I cannot relate to a Cubs fan. Ninety-five years. This isn’t the Red Sox, failures in the World Series for eighty-five years–this is the Cubbies, who haven’t won a postseason series of any kind since 1908. And if a 19-year old kid had thought to touch second base, they might not have won that series either.
They’re one game away from ending that streak. One game away from advancing to a higher postseason round for the first time ever. And for Cubs fans, that would be pure joy. Even if they lost the NLCS, even if they were swept, Cubs fans would finally have something to celebrate. It wouldn’t be their fondest hope, but for this year, it would be good enough.
About the Cubs and their fans, I agree with Larry and wish them nothing but the best — who wouldn’t love to see Dusty Baker stick it to the organization which let him go?
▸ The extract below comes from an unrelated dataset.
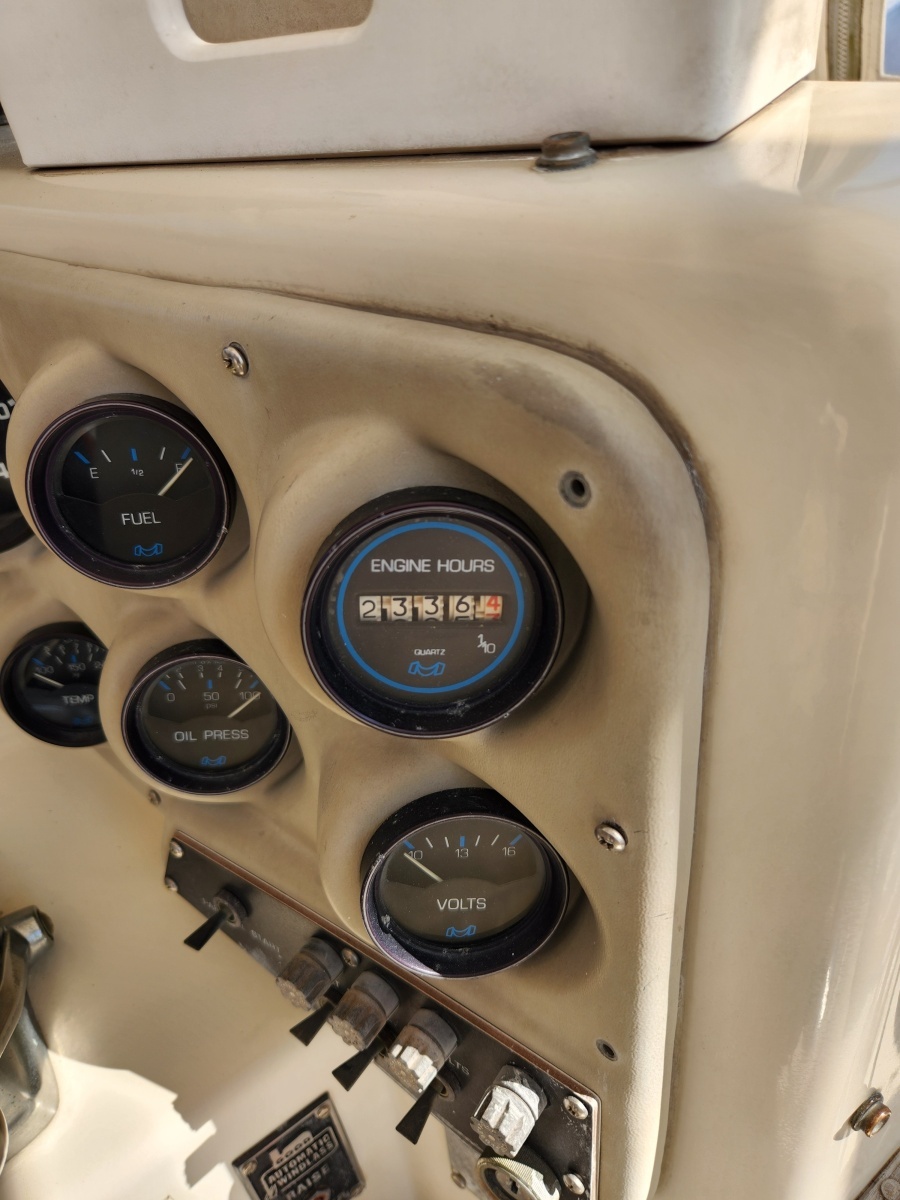 1987 Luhrs Convertible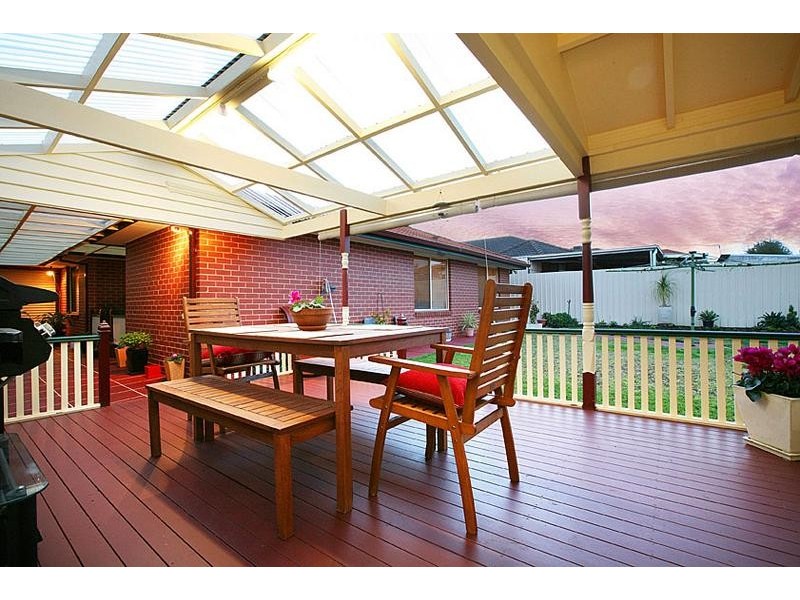 31 Wakelin Crescent, Taylors Lakes VIC 3038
I mean, besides Barry Bonds.
But about getting bored of winning… um, no. I’m lucky enough to have been blessed with a couple of World Champion Dodger teams in my youth (my first champs were actually the 1978-79 Seattle Supersonics of DJ, Gus, and Downtown Freddie Brown). Having grown up rooting against the Bronx Zoo, I didn’t come around to the Yanks until ’96 when I had been in the city for a year and a half, and Torre’s eminently decent bunch won me over. If that makes me a bandwagoneer unworthy of your time, hey, I’ve heard it all before.
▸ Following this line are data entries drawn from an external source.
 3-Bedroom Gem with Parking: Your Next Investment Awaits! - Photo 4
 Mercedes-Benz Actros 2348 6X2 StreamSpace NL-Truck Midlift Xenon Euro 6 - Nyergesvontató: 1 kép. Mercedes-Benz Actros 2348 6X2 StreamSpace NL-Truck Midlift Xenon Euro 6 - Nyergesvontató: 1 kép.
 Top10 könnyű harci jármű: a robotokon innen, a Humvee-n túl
But the ’98 team was like no other, and their championship was something special between me and my friends; it was the first year we took up our partial season ticket package, spent a good chunk of summer at the ballpark together, and attended our first World Series game. In ’99 I was actually at Yankee Stadium for the clincher, singing Frank Sinatra with 56,000 fans, and that’s the Top of the Heap; I wish that every baseball fan (except the ones from Boston — tee hee hee) got to experience its equivalent once.
The 2000 Subway Series brings back some unpleasant personal memories — a breakup, a lovers’ triangle in the midst of my friends — to the point that I recall the Yanks’ loss in 2001 with a bit more fondness. After all, that team was all about healing the heart, and even though those Yanks came up short, they did more for this city than even the previous three winners did.
The sensation of winning isn’t quite as heightened when it’s repeated, but anytime your team wins after a drought, it all feels new again, and it doesn’t matter if that drought’s two years or twenty-five. So while I won’t throw myself under the 4 train if the Yanks don’t win, I say this to the Sox fans and the A’s fans and the Twins fans pining for a breakthrough in the AL, and to those fans of the four long-suffering NL teams as well: with all due respect, I hope my team crushes yours.
As I relearned last year, even if my team falls by the wayside, I love the tension of October baseball. Butterlies in the stomach, cold sweat in the commercial breaks, living and dying with every pitch, waiting with anticipation for the next game, soaking up every victory like it’s the world’s best pasta sauce. Some things never get old.